Which raises the tantalizing question… is Lucy Gray Baird the grandmother, or even great-grandmother, of Katniss Everdeen? It’s possible. She loved katniss potatoes! And if she survived Snow’s hail of bullets, she could have stayed in the wilderness for days and years before coming back to the district’s grim approximation of civilization.

Eventually there would be a new mayor and a new mayor’s daughter, and as Capitol leadership cycled through, there would be less interest in that nomadic Covey girl who the other District 12 residents do not even consider a true neighbor. Heck, even her status as a victor will have been forgotten within a decade.

She could’ve left those woods sometime down the line and had children who were more assimilated into the district. No one would remember her past; no one except the man who became the dictator of Panem, and who saw her face in Katniss—and heard her voice in the District 12 girl with a bow singing “Somewhere in the Meadow” to little Rue on live television.

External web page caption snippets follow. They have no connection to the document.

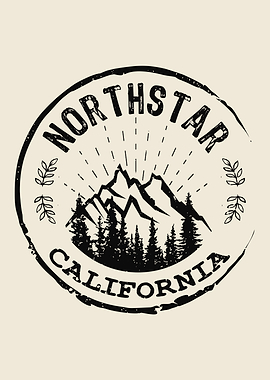 Northstar California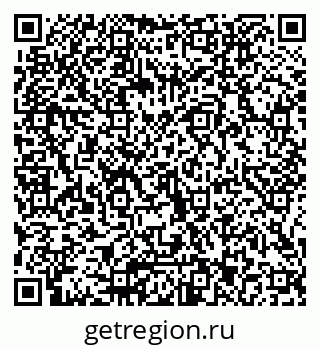 79066003291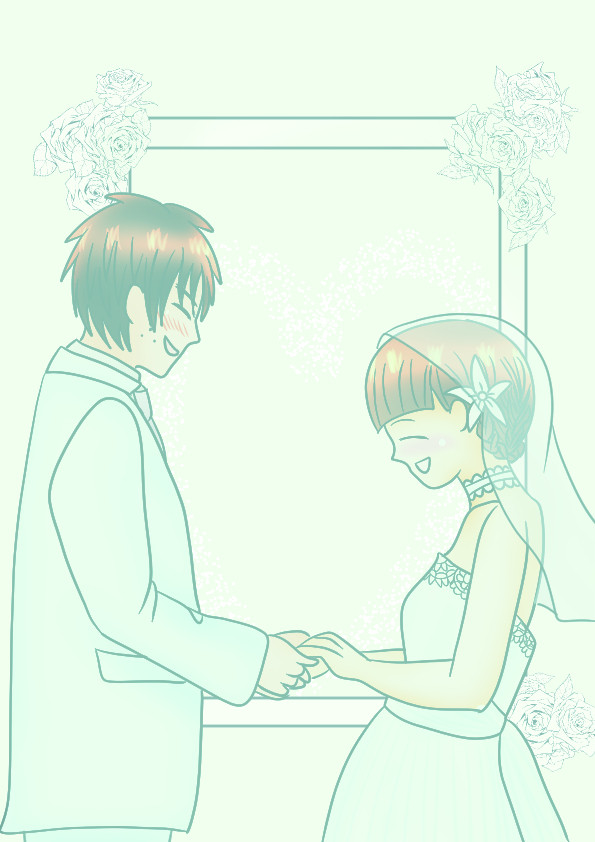 杉かよ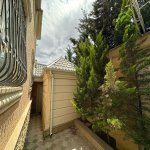 Satılır 5 otaqlı Bağ evi, Fatmayi, Abşeron rayonu 7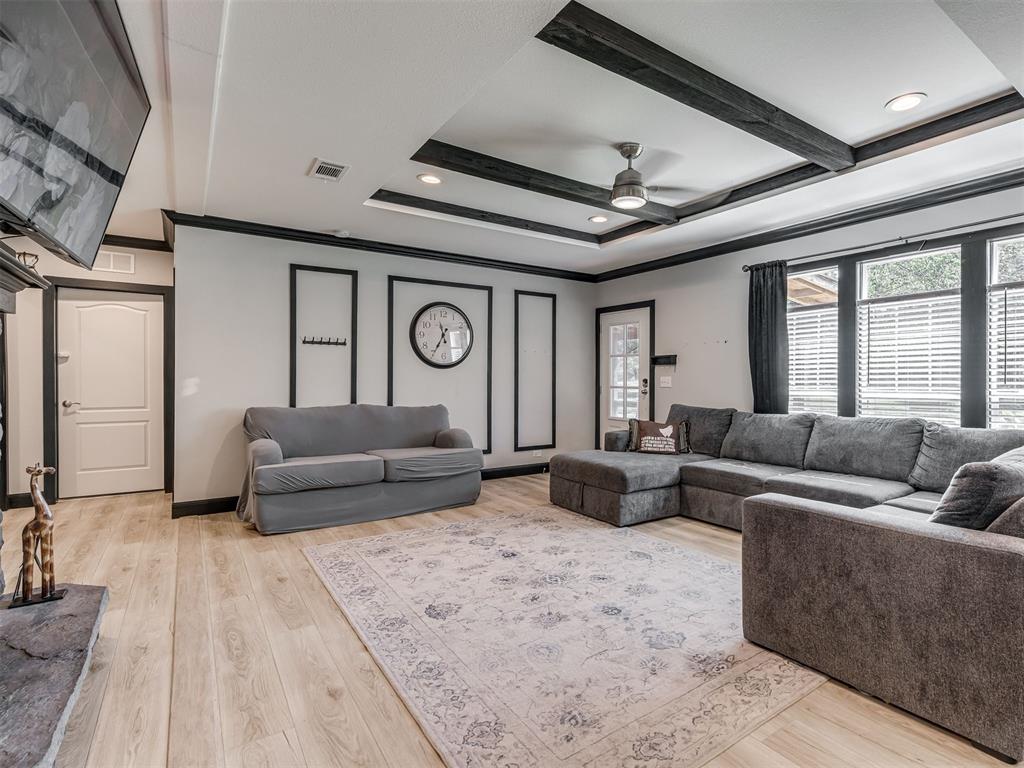 10200 Pecan Tree Circle Property Photo 10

It is left open to interpretation and head canon as to whether Katniss is a direct descendent of Lucy Gray, but for all intents and purposes, in the mind of President Snow, and therefore the story, she is the ghost of Lucy Gray’s revenge. It’s why he speaks from experience when he warns Katniss, “It’s the things we love that destroy us.” His love, and fear, of Lucy Gray also destroyed him when his fanatical obsession with Katniss turned her into a hero and symbol of rebellion he dreaded. And this time, he couldn’t pretend he never heard her mockingjay’s song.